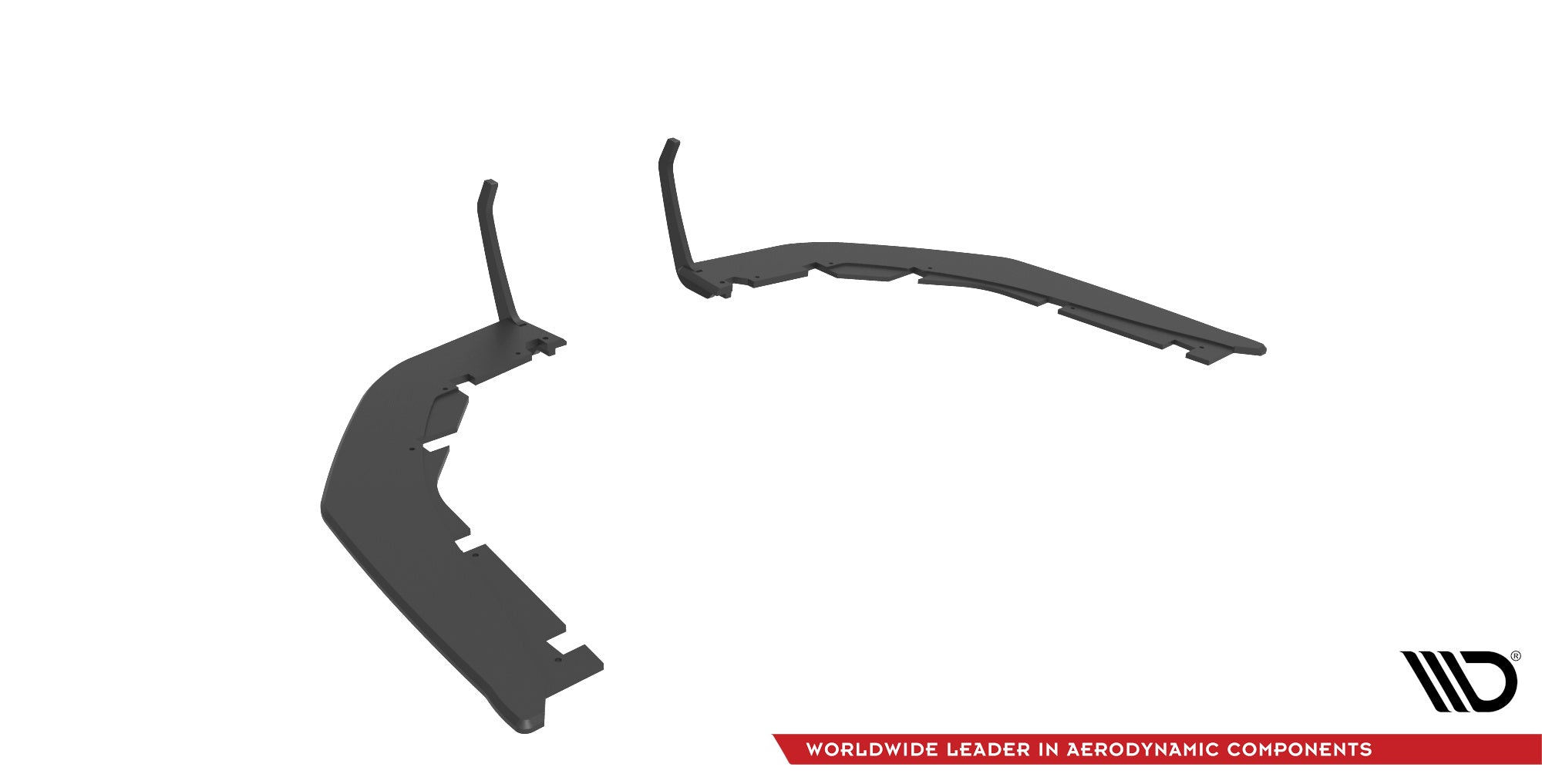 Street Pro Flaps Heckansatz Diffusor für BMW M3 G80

---

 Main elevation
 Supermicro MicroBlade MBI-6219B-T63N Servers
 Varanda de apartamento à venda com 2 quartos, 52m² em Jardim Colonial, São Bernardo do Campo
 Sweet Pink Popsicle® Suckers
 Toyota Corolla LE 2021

==

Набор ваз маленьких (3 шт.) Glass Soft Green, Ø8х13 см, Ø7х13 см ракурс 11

_HOW TO COMPLETE THIS TASK_: Retype only this portion of the data above: the line containing "Main elevation", the line containing "Toyota Corolla LE 2021", and all lines between them, exactly.

_RESULT OF THE EXERCISE_:
 Main elevation
 Supermicro MicroBlade MBI-6219B-T63N Servers
 Varanda de apartamento à venda com 2 quartos, 52m² em Jardim Colonial, São Bernardo do Campo
 Sweet Pink Popsicle® Suckers
 Toyota Corolla LE 2021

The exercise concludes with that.